Re: OCR makes scanned text invisible in 7.0.323.2

Posted: Mon Jan 08, 2018 9:29 am
by Tracker Supp-Stefan
Hello scan_user,

Welcome to our forms and thanks for your report.
This is a known issue in the current build.
Please do the scanning without OCR, and then run the OCR as a separate step - and this will preserve the images and add the needed text layer on top.
We are working on a fix, so the above is just a workaround until the next build.

I will pass the suggestion for a full settings clear up at uninstall time for consideration, but if you want to do a clean uninstall - then you can use the unisntaller tool, and then manually remove the HKEY_CURRENT_USER\Software\Tracker Software tree - which stores all the settings for our software.


Re: OCR makes scanned text invisible in 7.0.323.2

Posted: Sat Jan 13, 2018 7:13 pm
by scan_user
Thanks, Stefan,
I'll wait for the next release then to enable auto OCR.

I did get the license, and now that I started using it, if ran into another unexpected thing, for which I could not seem to find an answer in either help or the forums...

When I run OCR, every other software that I tried (Acrobat, PowerPDF, nuance) will automatically rotate the page so that the text that it found is horizontal. That sometimes gets interesting when there is text in different directions (e.g. on a margin), but it generally works very well. And it saves another lengthy step of having to manually select the scanned pages that were originally printed in landscape mode and then manually rotating them.
I could not find such an "auto-rotate" option in the OCR settings or anywhere else.

It seems like such a no-brainer to have this as an option.... am I missing something?
( I have auto-deskew on in the image insertion options, but that didn't seem to do the trick)


Re: OCR makes scanned text invisible in 7.0.323.2

Posted: Mon Jan 15, 2018 10:41 am
by Tracker Supp-Stefan
Hello Scan_user,

Yes we are not currently doing such auto rotations, but I believe a colleague is currently working on some further improvements to the OCR engine, and I will pass him this suggestion as well for consideration!
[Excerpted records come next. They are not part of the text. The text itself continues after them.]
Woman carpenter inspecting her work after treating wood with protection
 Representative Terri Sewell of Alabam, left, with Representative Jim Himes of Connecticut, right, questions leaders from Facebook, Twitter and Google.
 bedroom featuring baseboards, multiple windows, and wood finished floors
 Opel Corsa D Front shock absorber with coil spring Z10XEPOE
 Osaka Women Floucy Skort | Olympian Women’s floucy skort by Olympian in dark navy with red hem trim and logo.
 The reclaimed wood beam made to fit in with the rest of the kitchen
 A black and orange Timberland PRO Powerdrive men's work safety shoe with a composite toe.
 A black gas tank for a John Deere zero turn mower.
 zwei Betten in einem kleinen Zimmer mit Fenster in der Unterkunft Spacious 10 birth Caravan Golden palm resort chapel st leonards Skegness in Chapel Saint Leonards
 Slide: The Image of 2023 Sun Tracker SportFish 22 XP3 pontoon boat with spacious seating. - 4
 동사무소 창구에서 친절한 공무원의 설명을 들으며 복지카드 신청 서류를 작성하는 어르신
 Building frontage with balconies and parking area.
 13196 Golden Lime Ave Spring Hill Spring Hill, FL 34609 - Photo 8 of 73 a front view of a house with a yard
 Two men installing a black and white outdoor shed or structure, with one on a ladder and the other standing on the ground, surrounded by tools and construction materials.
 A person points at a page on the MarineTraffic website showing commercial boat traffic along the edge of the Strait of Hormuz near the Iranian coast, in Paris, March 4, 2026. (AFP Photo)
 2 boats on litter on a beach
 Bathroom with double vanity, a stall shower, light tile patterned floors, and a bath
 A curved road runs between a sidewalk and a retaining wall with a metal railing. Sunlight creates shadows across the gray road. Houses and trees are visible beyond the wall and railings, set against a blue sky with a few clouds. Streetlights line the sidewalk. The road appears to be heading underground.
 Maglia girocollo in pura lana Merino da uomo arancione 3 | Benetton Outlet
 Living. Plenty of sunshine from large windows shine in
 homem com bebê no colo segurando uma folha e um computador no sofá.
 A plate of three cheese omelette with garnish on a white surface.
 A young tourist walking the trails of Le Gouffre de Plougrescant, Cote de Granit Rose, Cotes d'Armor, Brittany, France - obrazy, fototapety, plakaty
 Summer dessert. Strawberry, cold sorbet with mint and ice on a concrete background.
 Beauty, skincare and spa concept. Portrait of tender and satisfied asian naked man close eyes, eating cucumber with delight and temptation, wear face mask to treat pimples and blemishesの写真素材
Re: OCR makes scanned text invisible in 7.0.323.2

Posted: Wed May 23, 2018 9:58 am
by Willy Van Nuffel
In PDF-XChange Editor V7 build 325.1 the "auto-rotate" in OCR is still missing.

Any news about this ?

Re: OCR makes scanned text invisible in 7.0.323.2

Posted: Wed May 23, 2018 11:12 am
by Tracker Supp-Stefan
Hello Willy,

I am afraid that I do not have any news on the subject, so I will ask around now to see if I can find anything else to share here!